> **THE TASK**: Go through the data below and transcribe it exactly. Omit the images.

Stored data:
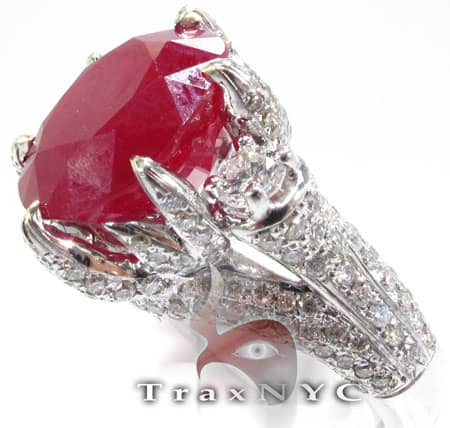 Custom Jewelry - Royal Ruby Crimson Ring 6115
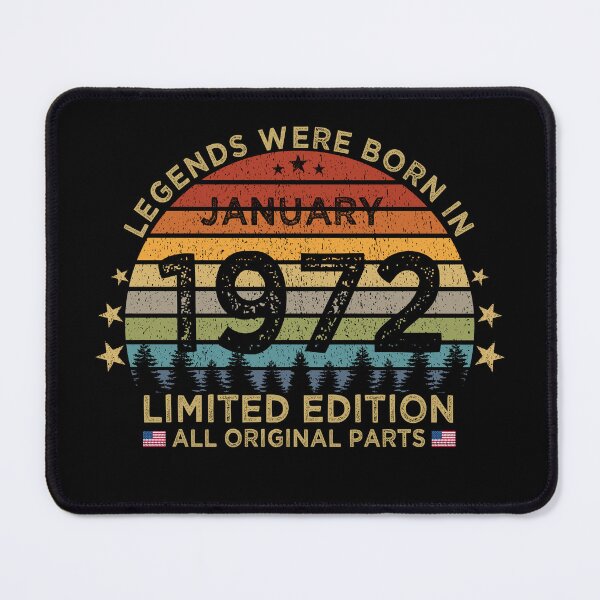 Item preview, Legends Were Born In January 1972 Limited Edition Patriotic designed and sold by cssdru.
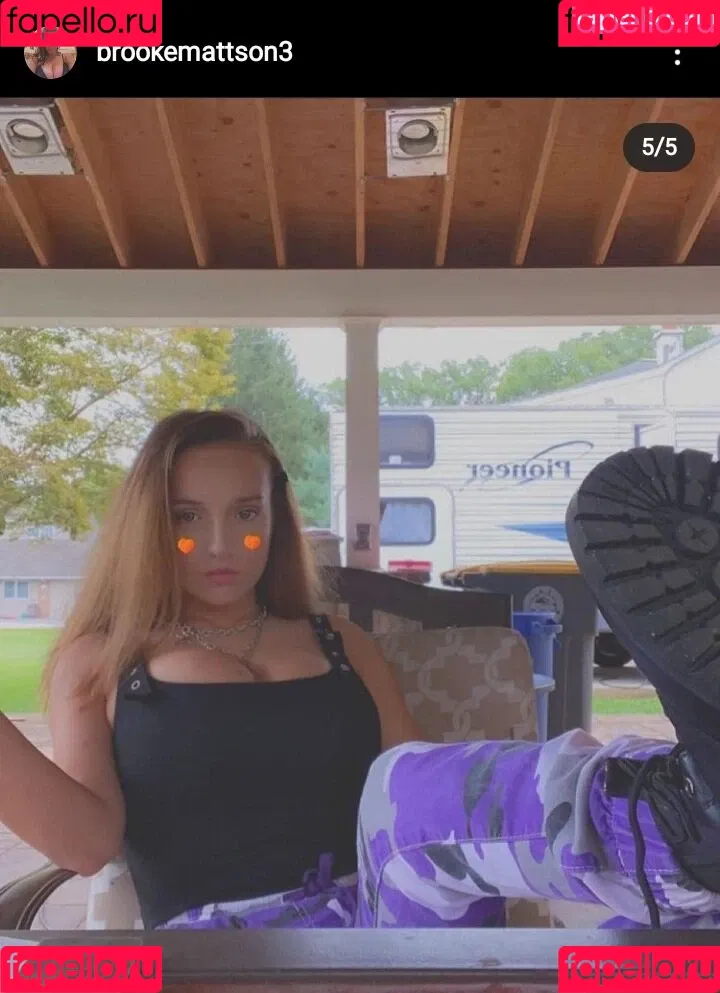 Brooke Mattson Onlyfans Photo Gallery 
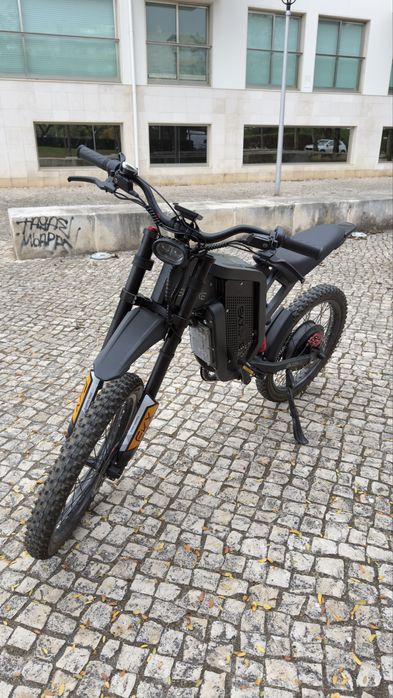 Ebike/Bicicleta elétrica EKX X21 Max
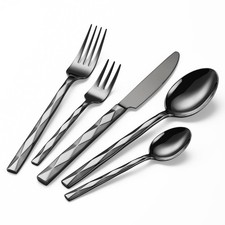 Gdycyc black silverware for sale  USA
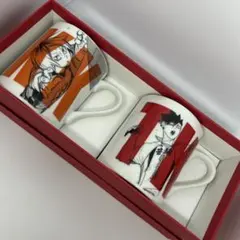 ハイキュー‼︎ コンビマグセット 音駒高校（孤爪&黒尾） ※箱キズあり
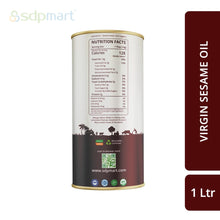 Load image into Gallery viewer, SDPMart Premium Virgin Sesame Oil - 1 Litre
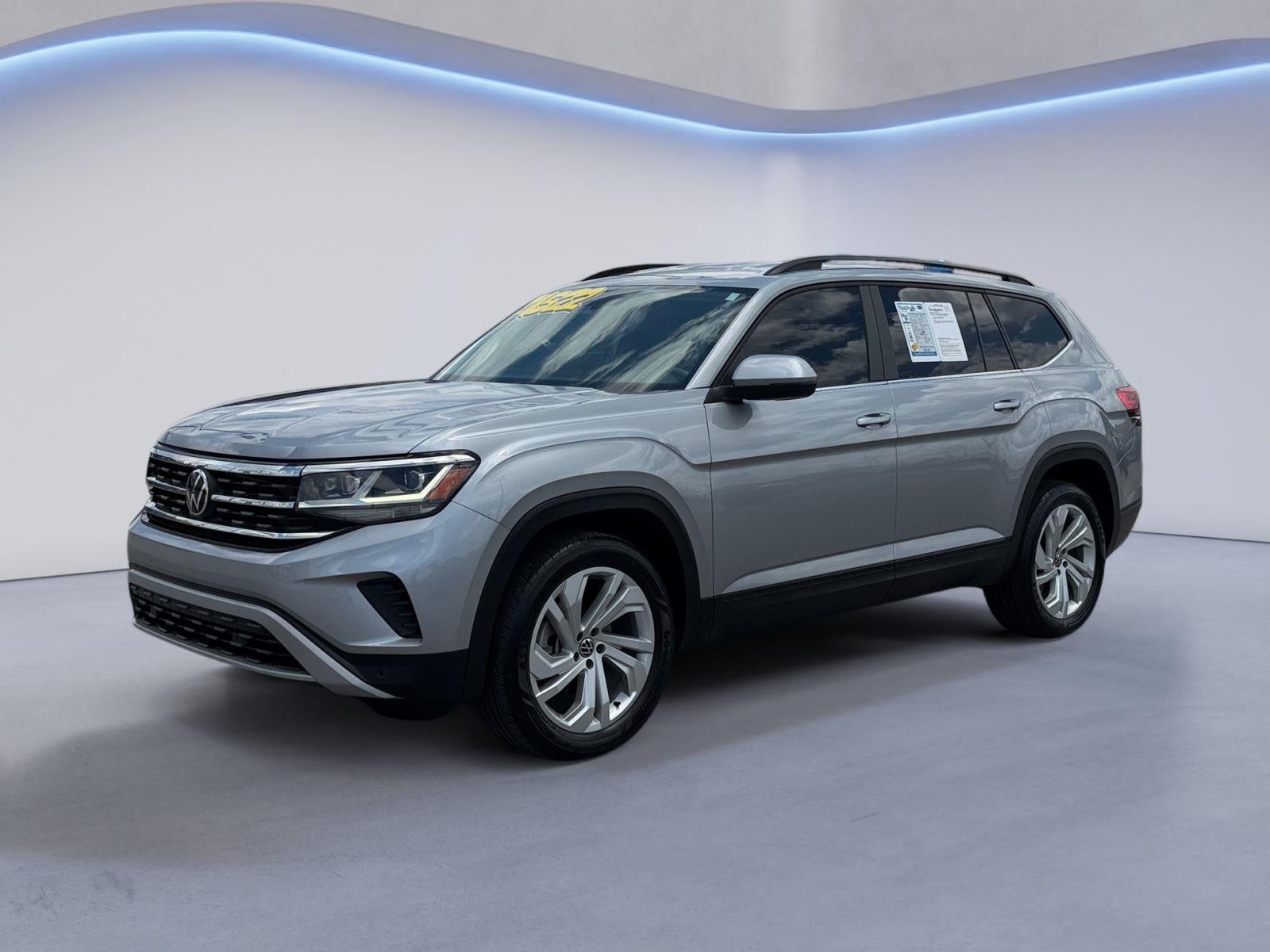 2021 Volkswagen Atlas 3.6L V6 SE w/Technology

> **PROBLEM SOLUTION**:
 Custom Jewelry - Royal Ruby Crimson Ring 6115
 Item preview, Legends Were Born In January 1972 Limited Edition Patriotic designed and sold by cssdru.
 Brooke Mattson Onlyfans Photo Gallery 
 Ebike/Bicicleta elétrica EKX X21 Max
 Gdycyc black silverware for sale  USA
 ハイキュー‼︎ コンビマグセット 音駒高校（孤爪&黒尾） ※箱キズあり
 Load image into Gallery viewer, SDPMart Premium Virgin Sesame Oil - 1 Litre
 2021 Volkswagen Atlas 3.6L V6 SE w/Technology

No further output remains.